Question: MACS2 - centering peaks
gravatar for YaGalbi
2.7 years ago by
Biocomputing, MRC Harwell Institute, Oxford, UK
YaGalbi1.5k wrote:

Hello all.

I have been given vague instructions by my supervisor to check our ChIP-seq analysis pipeline on an example data set to see if we should be "re-centering" peaks. Unfortunately, I'm struggling to find consensus guidelines. So I'd like to get some opinions and guidance here form more experienced hands.

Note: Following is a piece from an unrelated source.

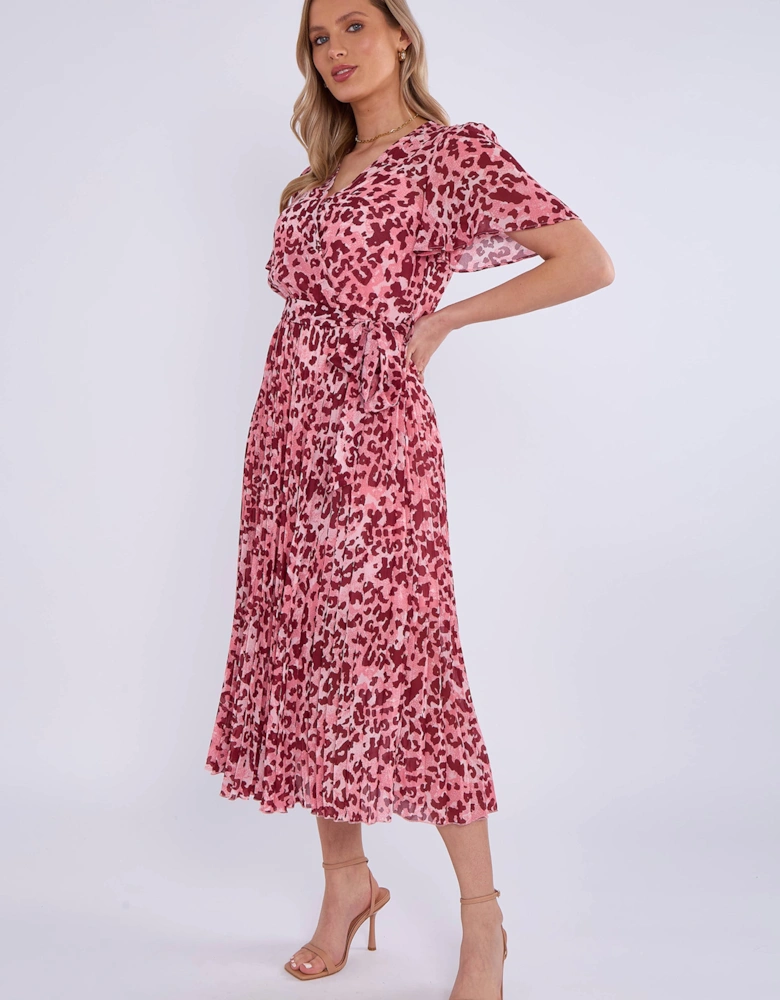 Pink Animal Print Wrap Pleated Midi Dress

MACS2 is used to call peaks on the sample ChIP-seq data set with a fragment length of 217. Please see the the Peak Model and Cross Correlation. In the model you can see the characteristic bimodal distribution of reads on the forward and reverse strands. Am I assuming correctly that centering means to adjust the fragment positions to make these 2 spikes overlap? Also, I am not sure how to interpret that Cross-Correlation image.

What I have found so far:

  • Tutorial: Use half the fragment length as centering distance for jointly analyzing 5’ and 3’ tags. Centering means shifting the positions of tags mapping to the + or − strand of the chromosome by a fixed distance downstream and or upstream, respectively. Centering increases the resolution of the ChIP-Seq data.

  • MACS2 shift option: When NOMODEL is set, MACS will use this value to move cutting ends (5') towards 5'->3' direction then apply EXTSIZE (fragment length) to extend them.... recommended to keep it as default 0 for ChIP-Seq datasets.

Does anyone have any papers that does this re-centring? Is there any real need to do this?

EDIT: Thanks to vchris. I'm reading that paper now. Already I can see that:

  • the true binding site is between the bimodal distribution peaks
  • MACS2 centering of peaks is done using shift and extsize options

So to center the peaks with a fragment length of 217 I think I must do 1 of the following

--shift 108 --extsize 108
--shift 108 --extsize 217
--shift -108 --extsize 217 (basic intuition is leading me toward this choice)

Any advice?

Thank you all, Kenneth

centering chip-seq peaks macs2 • 1.9k views
ADD COMMENTlink modified 2.7 years ago • written 2.7 years ago by YaGalbi1.5k

To my knowledge, you can always use nomodel and use the exact fragment length to make MACS2 call peaks. When you are estimating the fragment length using SPP which is actually doing the cross-correlation analysis to infer the burden of phantom peaks and the estimation of ChIP quality based on phantom peaks and more appropriate fragment length. Then you can use that for calling the peaks, making MACS2 not using its own model but supplying your own information. Tbh the accuracy of MACS2 building its own model and estimating the fragment length is not over-estimating or high unless the ChIP is not done in a proper way or the quality is not compromised. I have always reasoned this and usually, there is never a clear consensus where to use nomodel or use MACS2 modeling. I came up with the idea for our data to do cross-correlation analysis and CHANCE analysis to understand the quality of our data and if the quality is too low and also the data is noisy, I try to use the fragment lengths obtained by SPP since I also try to take the information from our wet-lab people as to what was the range of fragment length they used and that really clarifies a lot of doubt since if your estimated fragment length from SPP or MACS2 is within the range then you can use anything since the high confidence peaks should be fine for peak calling with our without the model. Also, depends on the number of peaks you are obtaining using MACS2 model or nomodel based on data quality. However, if you are talking about re-centering paper then this paper might be insightful.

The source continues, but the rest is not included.